Uma lista com 25 nomes de jovens marcados para morrer, condenados pelos chefes do tráfico de drogas no Alto da Caieira, deu início ao projeto social que retirou o maior número de crianças da criminalidade até hoje em Florianópolis. A maioria era de estudantes da Escola Básica Lúcia Livramento Mayvord, de 13 a 15 anos, membros de gangues que disputavam a influência no morro. Com a notícia de que os jovens eram procurados por bandidos da comunidade, os colaboradores do Centro Cultural Escrava Anastácia (CCEA) ofereceram a oportunidade de abandonar a criminalidade e participar de atividades esportivas e culturais. Era o começo do projeto Procurando Caminho na região do Alto da Caieira, em 2008.

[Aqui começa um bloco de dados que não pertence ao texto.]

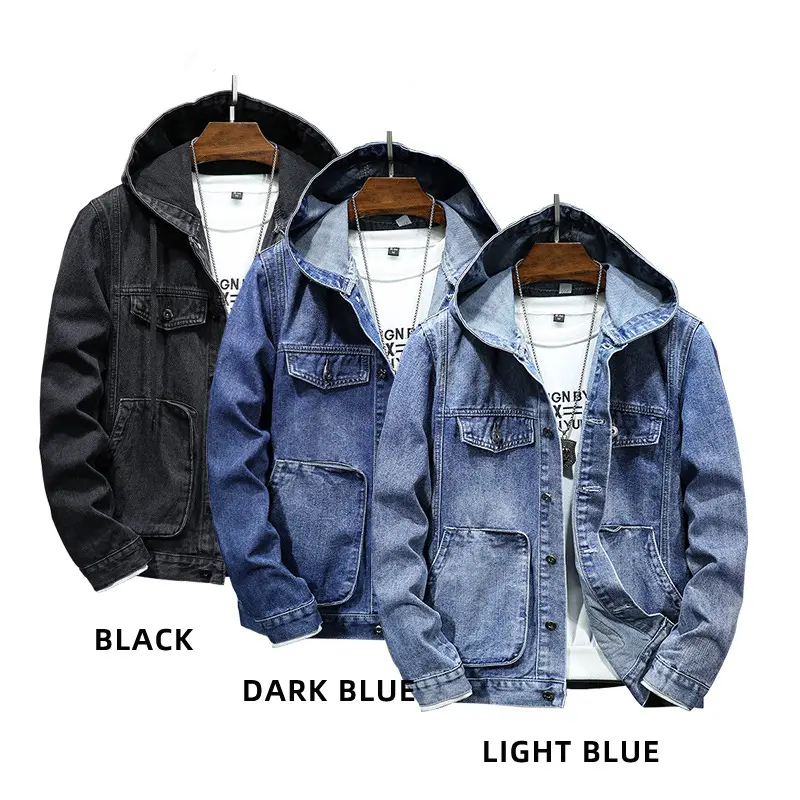 Wholesale ZD windproof hooded denim jacket Supplier, Factory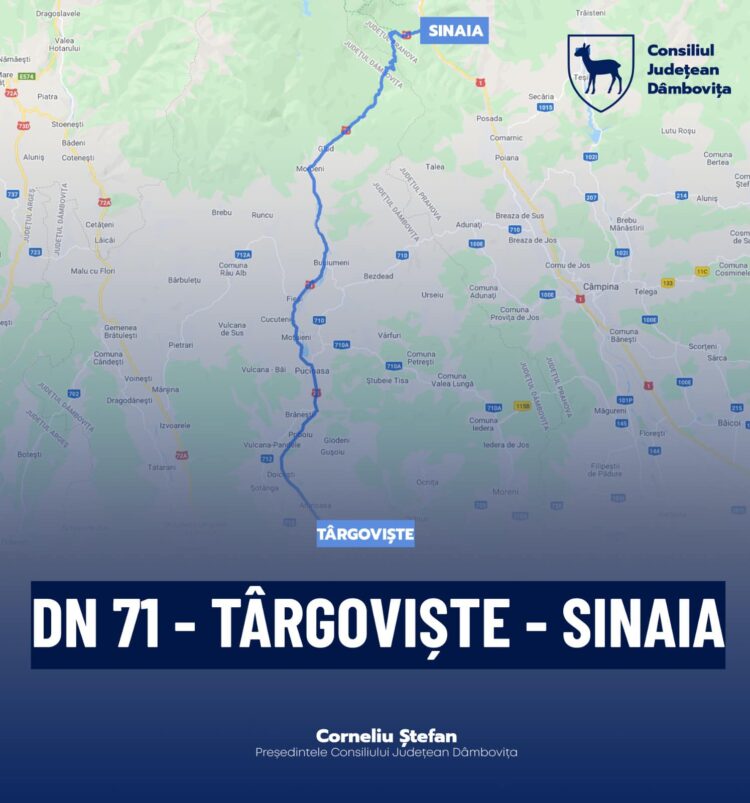 IONUȚ-CRISTIAN SĂVOIU – DRUMUL NAȚIONAL DN71 TÂRGOVIȘTE-SINAIA VA INTRA ÎN MODERNIZARE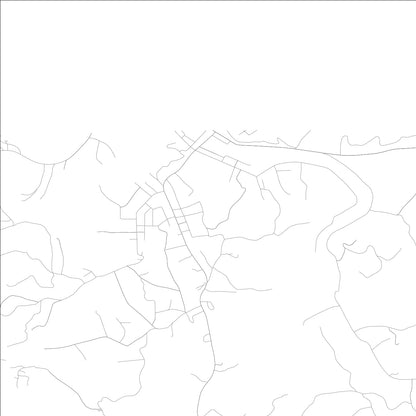 ROAD MAP OF MCCAYSVILLE, GEORGIA BY MAPBAKES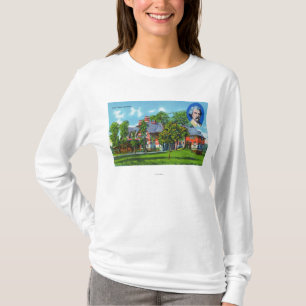 Yttre beskåda av den Mark Twain minnesmärken T-shirt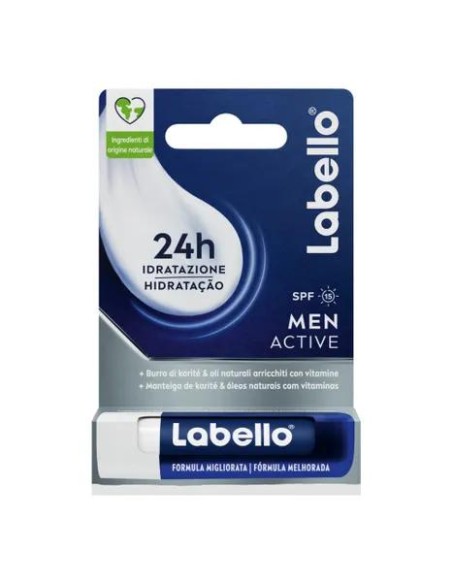 Labello Active For Men Stick Labbra Uomo
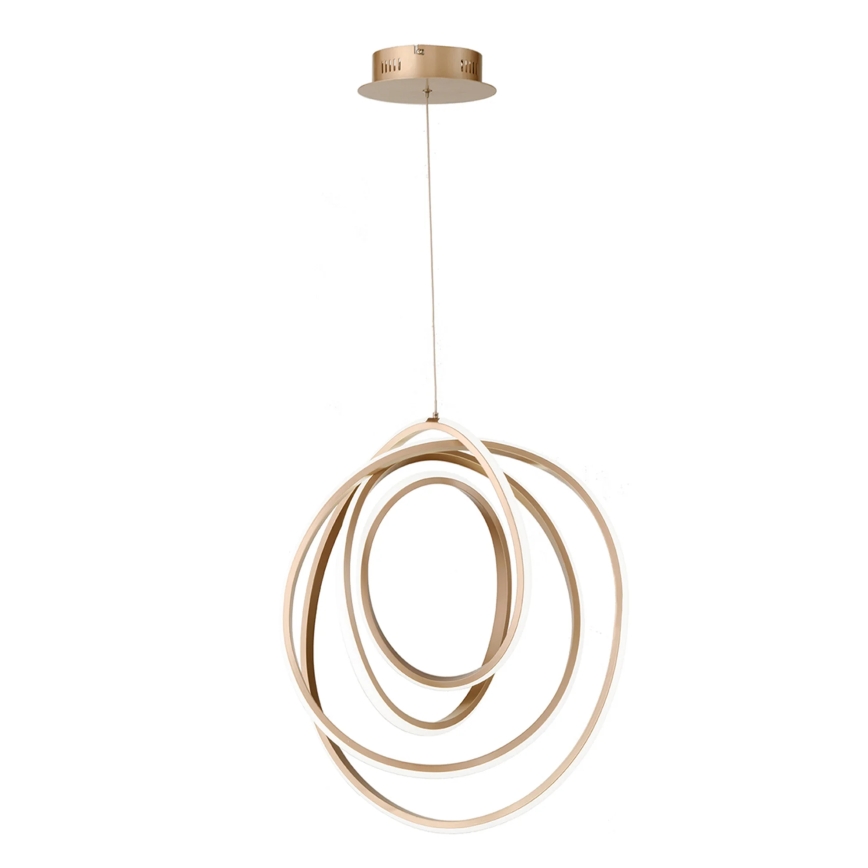 Ondaluce - Dimbare LED-kroonluchter aan kabel GOLDEN LED/50W/230V Ø 50 cm goudkleurig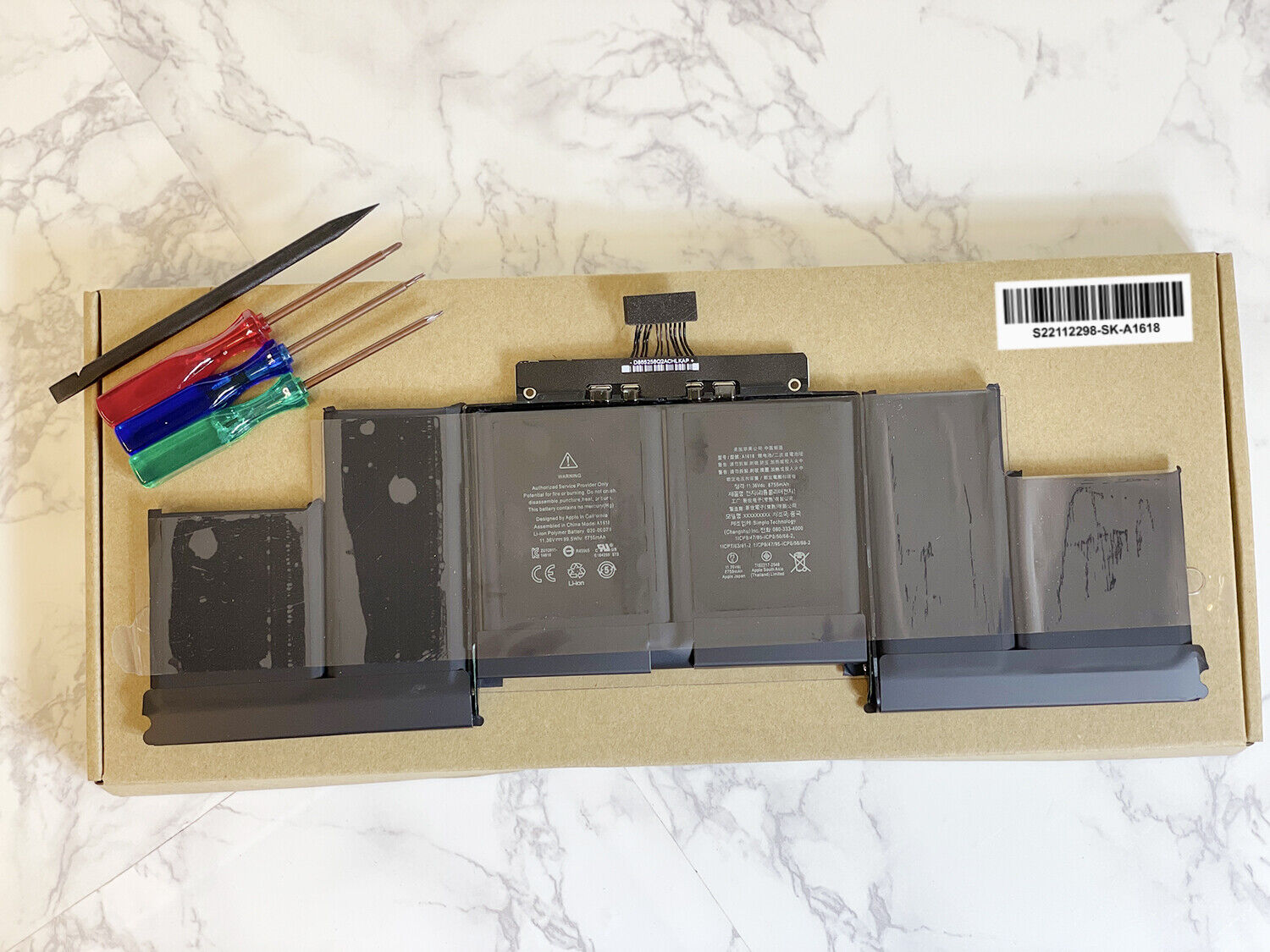 New Genuine A1618 Battery for Apple Macbook Pro 15" Retina A1398 EMC 2909 2910 Skyon A1618, A1618 Battery - фотография #5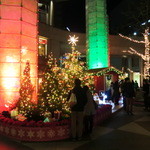 イデミスギノ - ライトタワープラザのX'masイルミ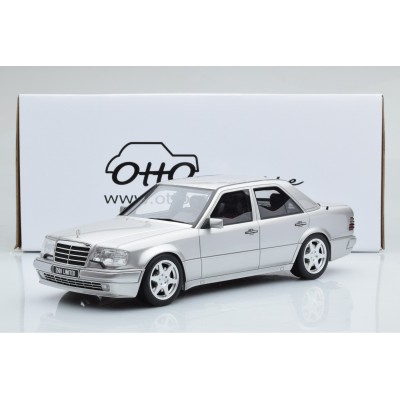 Масштабная модель Mercedes E500 W124 Sedan 1995 Silver Otto 1/18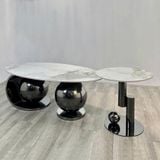  Bàn Trà Oval Mặt Đá Cao Cấp VSBT102 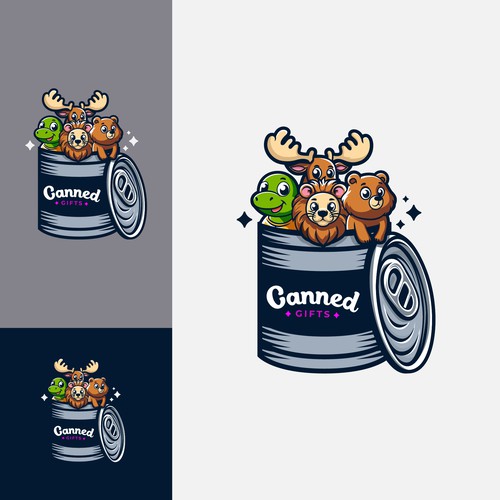 Create a fun logo for plush animals in a tin can Design by Brainbox Studio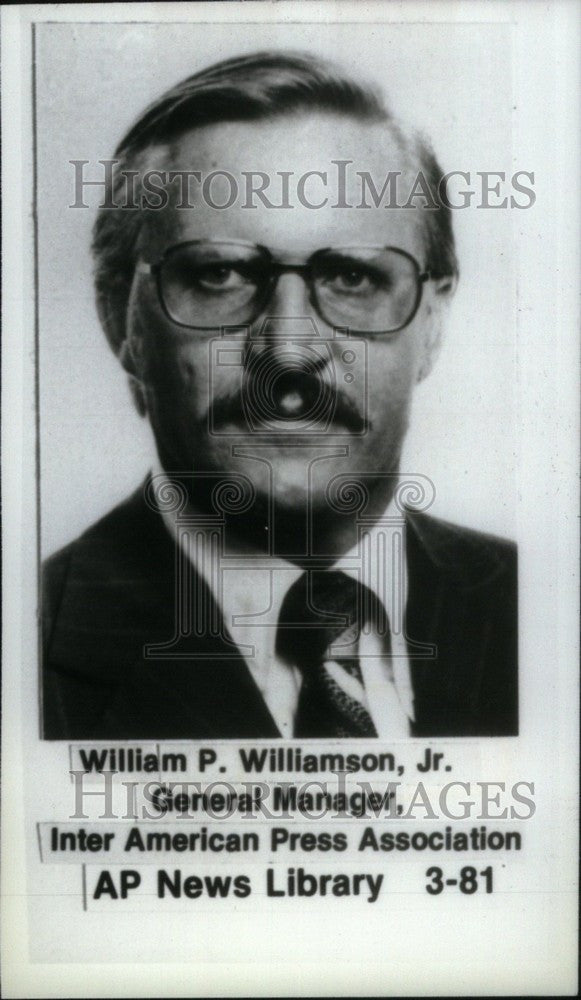 Press Photo William P. Williamson Jr. - Historic Images
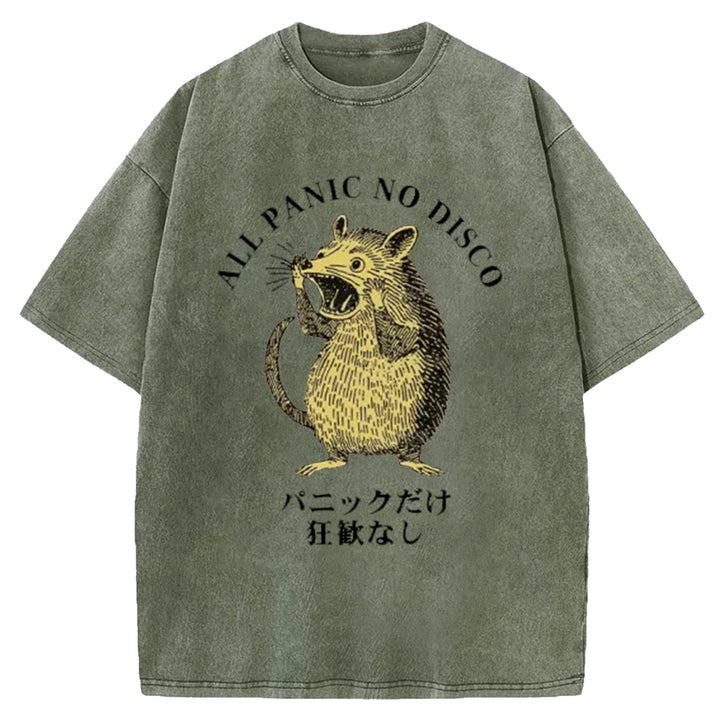 All Panic No Disco Washed Crew Neck T-Shirt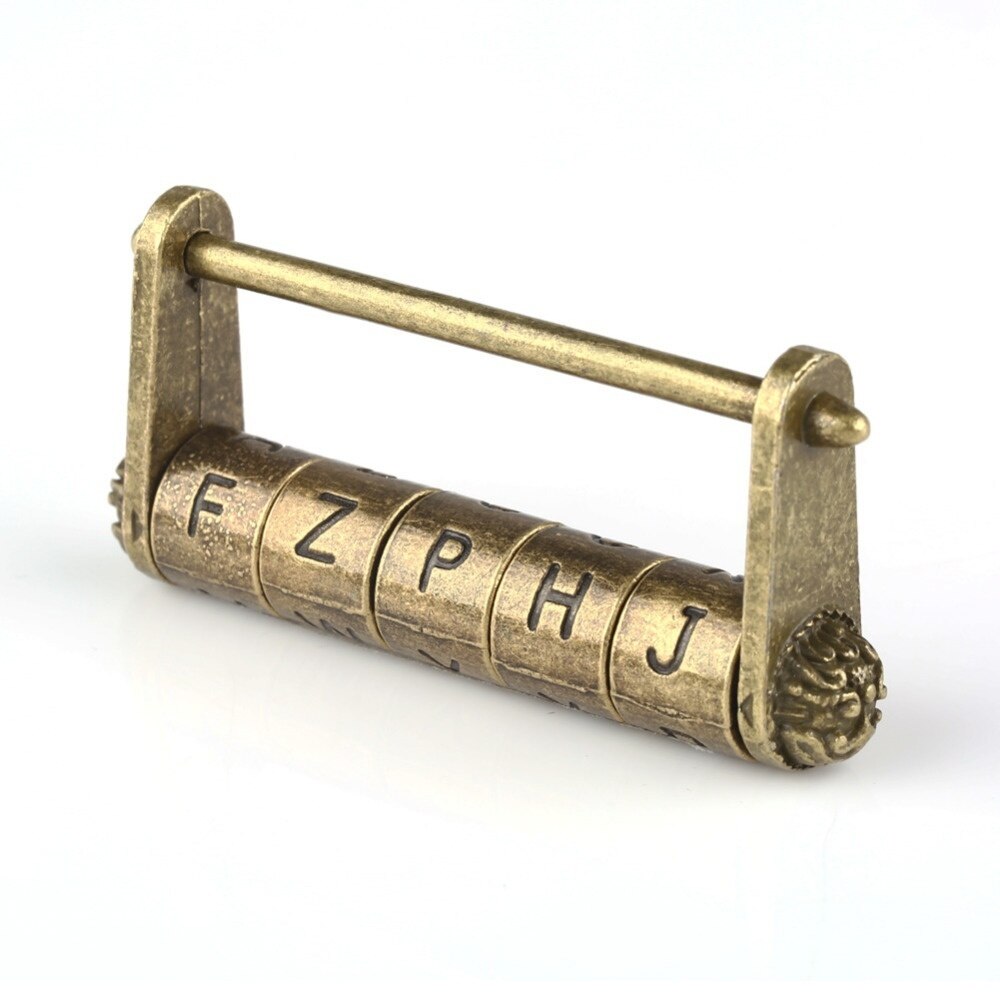 Engels Wachtwoord Hangslot Lock Key Chinese Oude Stijl Voor Deur Kast Kast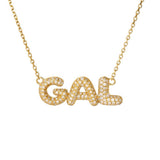 Bubble Diamond Nameplate Chain Necklace - SIA Jewelry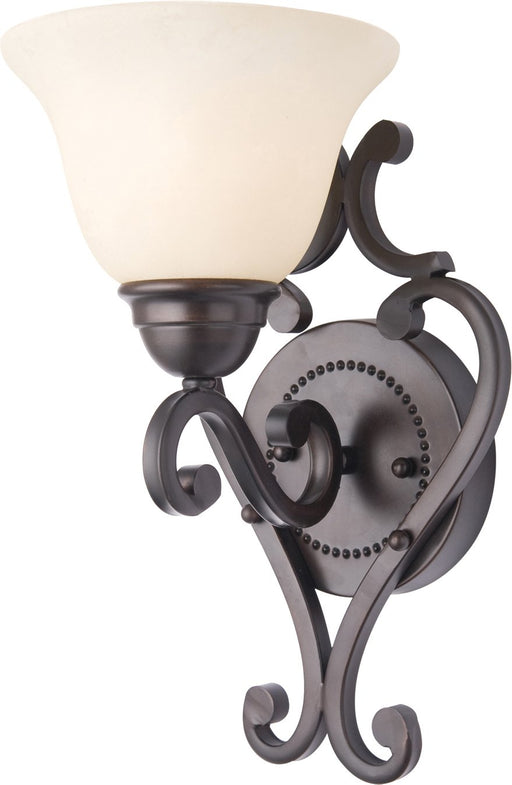 Manor 1 Light Wall Sconce in Oil Rubbed Bronze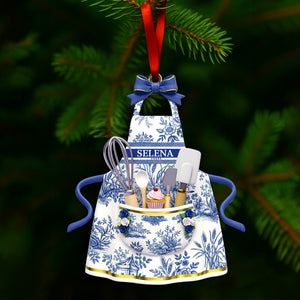 Baking Apron Ornament - Personalized Gifts For Cooking Lovers 01pglu071125-Homacus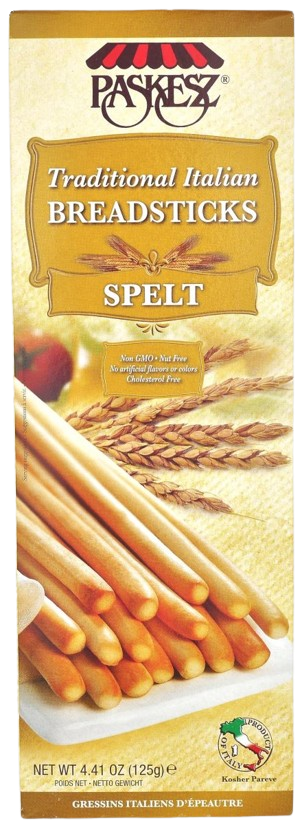 KOSHER SPELT BREADSTICKS PASKESZ 125 GR.
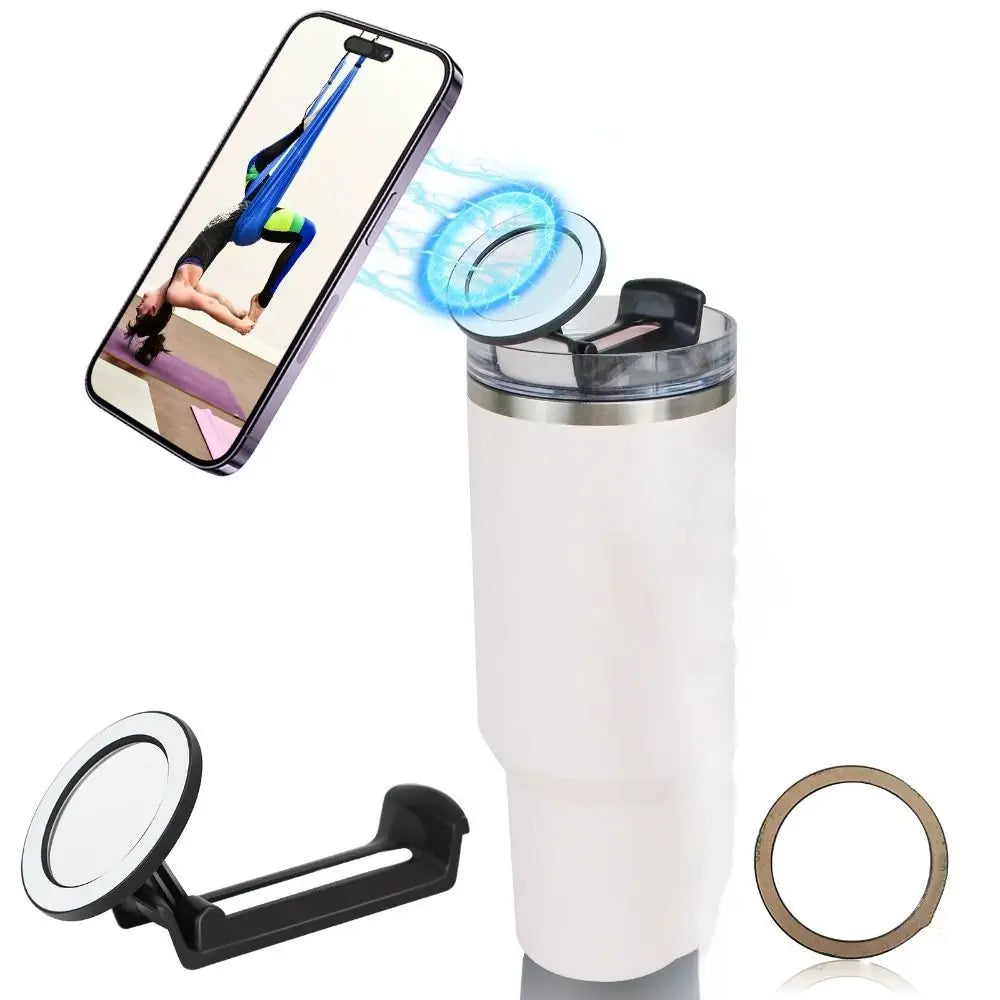 Magnetic Ring Water Cup Phone Holder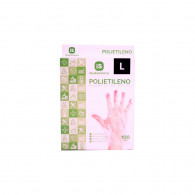 GUANTES DE POLIETILENO TALLA L X 100 UND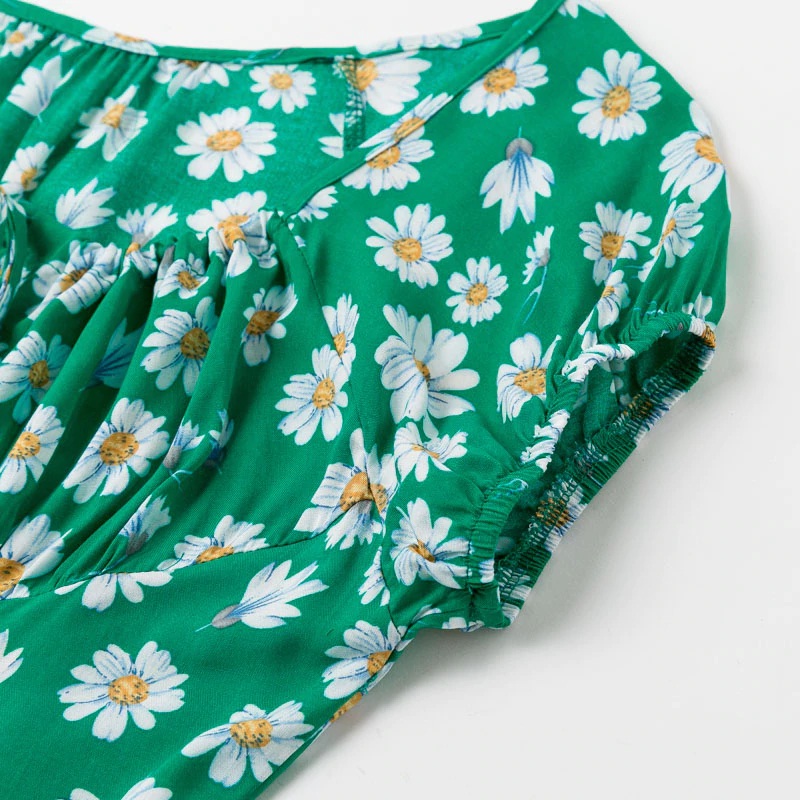 Lace up Boho Ruffles Casual Split Feminino Beach Dress - Image 11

Desde então, o programa acolhe crianças e adolescentes ligados ao narcotráfico, embora muitos participantes não tenham envolvimento com qualquer tipo de crime. A iniciativa já alcança todas as comunidades do Maciço do Morro da Cruz. Em uma das unidades onde o programa é oferecido, no Mont Serrat, passaram cerca de 70 alunos do Procurando Caminho até hoje. Eles deixaram de gastar seu tempo livre nas ruas para praticar surfe, fazer trilhas na mata, rafting e outros esportes.
O CCEA surgiu como uma união de escolas e creches do Maciço, com a finalidade de oferecer cultura e lazer aos jovens da comunidade fora do horário da escola. Sua sede está instalada aos fundos da capela de Mont Serrat, onde também funcionam o Centro Social Marista Mont Serrat e a Casa de Acolhimento Darcy Vitória de Brito. É ali também onde mora o Padre Vilson Groh, brusquense que se mudou para Florianópolis há 28 anos e desde então trabalhou a frente de projetos sociais para levar emprego, educação e cultura à população dos morros. O CCEA é a entidade mais estruturada de uma rede de organizações não-governamentais que cooperam entre si, atuando na cidade sob a tutela de Padre Vilson. A entidade é a única que possui uma assessoria de imprensa e tem o maior número de colaboradores.
Como em qualquer iniciativa do terceiro setor, o dinheiro que mantém essa rede de entidades vem de doações do setor privado e convênios com o governo federal, do estado e do município. No caso do CCEA, a maior parte dos seus projetos é financiado pelo governo de Santa Catarina. Quando faltam verbas em uma das instituições para uma finalidade específica, o dinheiro pode ser repassado por outras integrantes da rede. Isso evita que projetos como o Procurando Caminho fiquem sem atividade.
Os articuladores são obrigados a improvisar atividades quando as condições não são ideais, que é o caso do projeto atualmente. Apesar do convênio com o governo já ter sido renovado, o dinheiro para o Procurando Caminho ainda não foi depositado. O CCEA espera a verba para esta semana. A situação é pior na unidade Alto da Caieira, onde o Programa esporte e Lazer das Cidades, o PELC, foi cancelado em junho e não houve nenhuma outra atividade para substituí-lo.
A finalidade do projeto não é apenas tirar os jovens da rua, mas também dar a eles um novo rumo. À medida que envelhecem, conseguem um emprego formal e dão lugar a novas crianças no programa, os alunos são incentivados a continuar praticando os esportes em que se destacam e buscar profissionalização. Os articuladores ficam responsáveis por cuidar para que cada aluno compareça, convencendo o jovem e sua família de que é melhor estar ali do que na rua. Mesmo com esse trabalho, nem todos os alunos que se inscrevem nos projetos continuam a frequentar as aulas. “O nosso maior desafio é explicar a importância do trabalho aos pais, que muitas vezes se conformam com o fato de os filhos estarem nas ruas, ou também são traficantes” Luciana Varella, articuladora do Mont Serrat. A parte mais importante, para ela, é não deixar que o projeto fique sem atividade por um dia sequer.